O principal motor por detrás das potenciais reduções de emissões é o crescimento explosivo da energia solar e eólica. A China tem acrescentado capacidade solar a um ritmo sem precedentes – cerca de 100 painéis solares instalados por segundo no primeiro semestre de 2025. Isto resultou num aumento anual de 50%, excedendo a capacidade total instalada dos Estados Unidos em apenas nove meses. A energia nuclear também contribuiu para compensar o aumento da procura de electricidade.
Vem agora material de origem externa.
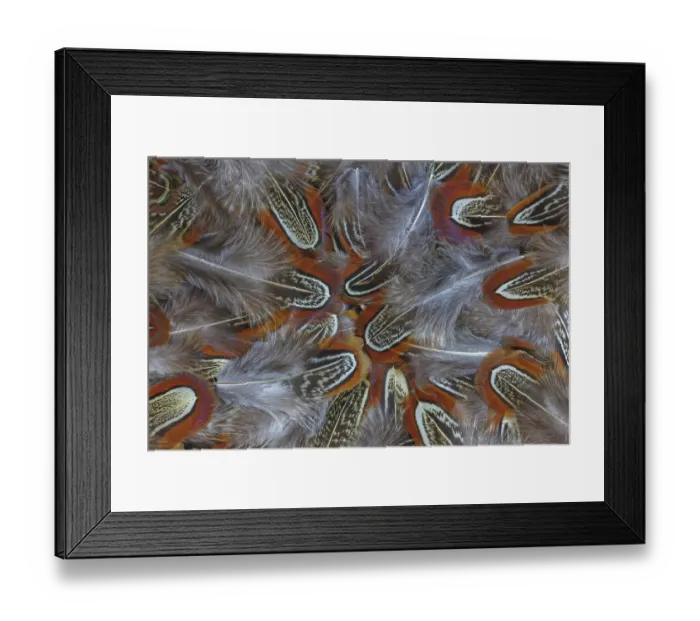 Framed Print : USA, Washington State, Seabeck. Multiple ringneck pheasant feathers close-up. ©Don Paulson  /  Jaynes Gallery  /  DanitaDelimont.com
A demanda por combustíveis fósseis permanece alta

Apesar dos ganhos nas energias renováveis, o consumo de combustíveis fósseis persiste nos principais setores industriais. A indústria química, em particular, registou um aumento significativo na utilização de carvão e petróleo. A procura global de electricidade continua a crescer, mas a rápida expansão das fontes renováveis ​​correspondeu em grande medida – e até ultrapassou – esse crescimento.

Comércio e Geopolítica

As tarifas comerciais dos EUA sob o presidente Trump tiveram pouco impacto perceptível nas emissões da China, com forças económicas compensatórias neutralizando qualquer efeito substancial.

Otimismo Cauteloso

Especialistas alertam contra celebrações prematuras. Embora as tendências atuais sugiram um pico potencial, a confirmação requer dados sustentados ao longo dos próximos anos. Mesmo que a China atinja o pico de emissões antes do previsto, não são esperadas quedas significativas durante pelo menos mais cinco anos devido ao desenvolvimento económico contínuo do país e ao aumento do consumo de energia per capita.
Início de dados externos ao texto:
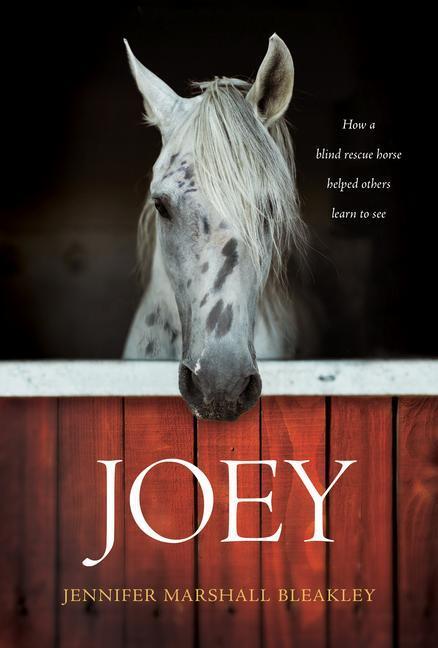 Cover: 9781496421746 | Joey | Jennifer Marshall Bleakley | Buch | Gebunden | Englisch | 2018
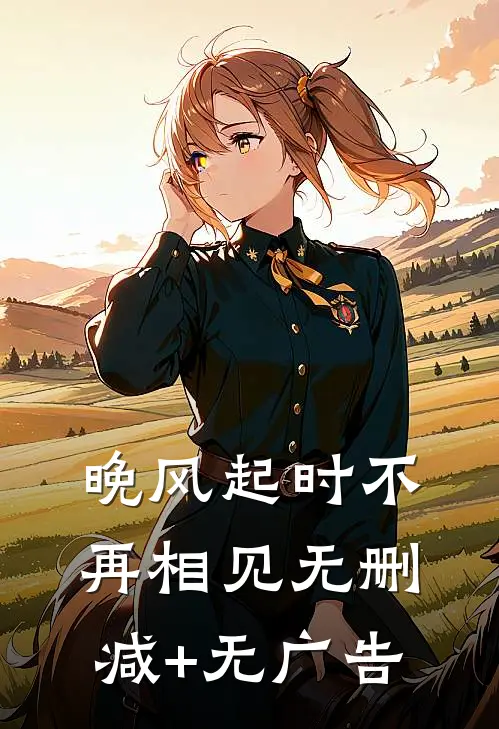 晚风起时不再相见无删减+无广告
“O futuro das metas de temperatura do Acordo de Paris depende da rapidez com que a China e os países desenvolvidos aceleram as reduções de emissões.” — Li Shuo, Instituto de Políticas da Sociedade da Ásia

Em última análise, a trajetória de emissões da China será um determinante crucial do sucesso climático global. Embora a possibilidade de um pico em 2025 ofereça um vislumbre de esperança, ainda são necessárias reduções rápidas e sustentadas das emissões para cumprir as metas climáticas internacionais.